**EXERCISE BRIEF:**
The entries must be retyped exactly, down to the last line.

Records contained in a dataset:
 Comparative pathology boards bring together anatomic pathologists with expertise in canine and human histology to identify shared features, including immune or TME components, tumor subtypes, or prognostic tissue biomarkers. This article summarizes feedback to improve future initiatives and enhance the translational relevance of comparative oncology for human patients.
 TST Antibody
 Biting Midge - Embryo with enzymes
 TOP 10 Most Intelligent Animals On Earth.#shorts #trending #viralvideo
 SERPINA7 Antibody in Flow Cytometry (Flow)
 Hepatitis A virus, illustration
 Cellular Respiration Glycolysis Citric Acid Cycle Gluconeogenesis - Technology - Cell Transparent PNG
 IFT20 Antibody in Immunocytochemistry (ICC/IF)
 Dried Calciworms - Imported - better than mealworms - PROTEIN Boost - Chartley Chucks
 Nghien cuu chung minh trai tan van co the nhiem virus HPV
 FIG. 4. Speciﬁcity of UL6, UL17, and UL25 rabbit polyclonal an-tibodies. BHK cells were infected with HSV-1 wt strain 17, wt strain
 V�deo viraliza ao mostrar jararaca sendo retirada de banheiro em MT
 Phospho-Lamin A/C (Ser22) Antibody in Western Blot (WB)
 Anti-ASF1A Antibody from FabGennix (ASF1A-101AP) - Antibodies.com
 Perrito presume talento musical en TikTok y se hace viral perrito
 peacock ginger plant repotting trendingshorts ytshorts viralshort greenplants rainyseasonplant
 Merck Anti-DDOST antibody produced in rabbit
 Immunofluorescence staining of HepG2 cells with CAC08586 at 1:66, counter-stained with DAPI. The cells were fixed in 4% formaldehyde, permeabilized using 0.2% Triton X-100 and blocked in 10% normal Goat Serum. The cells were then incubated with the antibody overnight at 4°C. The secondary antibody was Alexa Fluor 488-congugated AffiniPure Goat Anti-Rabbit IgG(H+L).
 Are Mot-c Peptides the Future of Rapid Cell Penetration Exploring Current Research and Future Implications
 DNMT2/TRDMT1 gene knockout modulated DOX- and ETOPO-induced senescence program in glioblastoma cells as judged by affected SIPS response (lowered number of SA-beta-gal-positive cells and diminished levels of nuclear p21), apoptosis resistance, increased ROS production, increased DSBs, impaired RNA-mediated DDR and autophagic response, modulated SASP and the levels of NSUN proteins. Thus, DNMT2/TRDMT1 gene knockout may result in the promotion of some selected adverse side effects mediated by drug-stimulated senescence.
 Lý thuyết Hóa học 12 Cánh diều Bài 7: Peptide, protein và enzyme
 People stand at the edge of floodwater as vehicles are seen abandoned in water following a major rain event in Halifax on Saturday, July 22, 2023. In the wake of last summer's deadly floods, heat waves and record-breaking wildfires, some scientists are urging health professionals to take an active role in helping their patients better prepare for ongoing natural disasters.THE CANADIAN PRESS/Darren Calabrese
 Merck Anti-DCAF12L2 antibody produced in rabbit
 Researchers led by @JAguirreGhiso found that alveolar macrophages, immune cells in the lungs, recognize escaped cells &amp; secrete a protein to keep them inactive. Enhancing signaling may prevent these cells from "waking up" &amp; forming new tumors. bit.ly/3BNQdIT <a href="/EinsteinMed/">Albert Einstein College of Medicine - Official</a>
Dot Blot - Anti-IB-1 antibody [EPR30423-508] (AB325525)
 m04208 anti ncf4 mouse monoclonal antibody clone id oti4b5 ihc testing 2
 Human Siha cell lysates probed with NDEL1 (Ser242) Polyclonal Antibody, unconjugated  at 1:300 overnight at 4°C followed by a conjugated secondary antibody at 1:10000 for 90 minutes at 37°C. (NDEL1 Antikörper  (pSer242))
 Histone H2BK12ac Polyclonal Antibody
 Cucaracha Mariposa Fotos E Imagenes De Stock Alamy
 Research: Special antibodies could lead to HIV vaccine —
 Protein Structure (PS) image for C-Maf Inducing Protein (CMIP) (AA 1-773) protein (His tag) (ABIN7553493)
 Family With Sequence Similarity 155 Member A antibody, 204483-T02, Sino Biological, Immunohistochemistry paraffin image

**TASK RESULT:**
 Comparative pathology boards bring together anatomic pathologists with expertise in canine and human histology to identify shared features, including immune or TME components, tumor subtypes, or prognostic tissue biomarkers. This article summarizes feedback to improve future initiatives and enhance the translational relevance of comparative oncology for human patients.
 TST Antibody
 Biting Midge - Embryo with enzymes
 TOP 10 Most Intelligent Animals On Earth.#shorts #trending #viralvideo
 SERPINA7 Antibody in Flow Cytometry (Flow)
 Hepatitis A virus, illustration
 Cellular Respiration Glycolysis Citric Acid Cycle Gluconeogenesis - Technology - Cell Transparent PNG
 IFT20 Antibody in Immunocytochemistry (ICC/IF)
 Dried Calciworms - Imported - better than mealworms - PROTEIN Boost - Chartley Chucks
 Nghien cuu chung minh trai tan van co the nhiem virus HPV
 FIG. 4. Speciﬁcity of UL6, UL17, and UL25 rabbit polyclonal an-tibodies. BHK cells were infected with HSV-1 wt strain 17, wt strain
 V�deo viraliza ao mostrar jararaca sendo retirada de banheiro em MT
 Phospho-Lamin A/C (Ser22) Antibody in Western Blot (WB)
 Anti-ASF1A Antibody from FabGennix (ASF1A-101AP) - Antibodies.com
 Perrito presume talento musical en TikTok y se hace viral perrito
 peacock ginger plant repotting trendingshorts ytshorts viralshort greenplants rainyseasonplant
 Merck Anti-DDOST antibody produced in rabbit
 Immunofluorescence staining of HepG2 cells with CAC08586 at 1:66, counter-stained with DAPI. The cells were fixed in 4% formaldehyde, permeabilized using 0.2% Triton X-100 and blocked in 10% normal Goat Serum. The cells were then incubated with the antibody overnight at 4°C. The secondary antibody was Alexa Fluor 488-congugated AffiniPure Goat Anti-Rabbit IgG(H+L).
 Are Mot-c Peptides the Future of Rapid Cell Penetration Exploring Current Research and Future Implications
 DNMT2/TRDMT1 gene knockout modulated DOX- and ETOPO-induced senescence program in glioblastoma cells as judged by affected SIPS response (lowered number of SA-beta-gal-positive cells and diminished levels of nuclear p21), apoptosis resistance, increased ROS production, increased DSBs, impaired RNA-mediated DDR and autophagic response, modulated SASP and the levels of NSUN proteins. Thus, DNMT2/TRDMT1 gene knockout may result in the promotion of some selected adverse side effects mediated by drug-stimulated senescence.
 Lý thuyết Hóa học 12 Cánh diều Bài 7: Peptide, protein và enzyme
 People stand at the edge of floodwater as vehicles are seen abandoned in water following a major rain event in Halifax on Saturday, July 22, 2023. In the wake of last summer's deadly floods, heat waves and record-breaking wildfires, some scientists are urging health professionals to take an active role in helping their patients better prepare for ongoing natural disasters.THE CANADIAN PRESS/Darren Calabrese
 Merck Anti-DCAF12L2 antibody produced in rabbit
 Researchers led by @JAguirreGhiso found that alveolar macrophages, immune cells in the lungs, recognize escaped cells &amp; secrete a protein to keep them inactive. Enhancing signaling may prevent these cells from "waking up" &amp; forming new tumors. bit.ly/3BNQdIT <a href="/EinsteinMed/">Albert Einstein College of Medicine - Official</a>
Dot Blot - Anti-IB-1 antibody [EPR30423-508] (AB325525)
 m04208 anti ncf4 mouse monoclonal antibody clone id oti4b5 ihc testing 2
 Human Siha cell lysates probed with NDEL1 (Ser242) Polyclonal Antibody, unconjugated  at 1:300 overnight at 4°C followed by a conjugated secondary antibody at 1:10000 for 90 minutes at 37°C. (NDEL1 Antikörper  (pSer242))
 Histone H2BK12ac Polyclonal Antibody
 Cucaracha Mariposa Fotos E Imagenes De Stock Alamy
 Research: Special antibodies could lead to HIV vaccine —
 Protein Structure (PS) image for C-Maf Inducing Protein (CMIP) (AA 1-773) protein (His tag) (ABIN7553493)
 Family With Sequence Similarity 155 Member A antibody, 204483-T02, Sino Biological, Immunohistochemistry paraffin image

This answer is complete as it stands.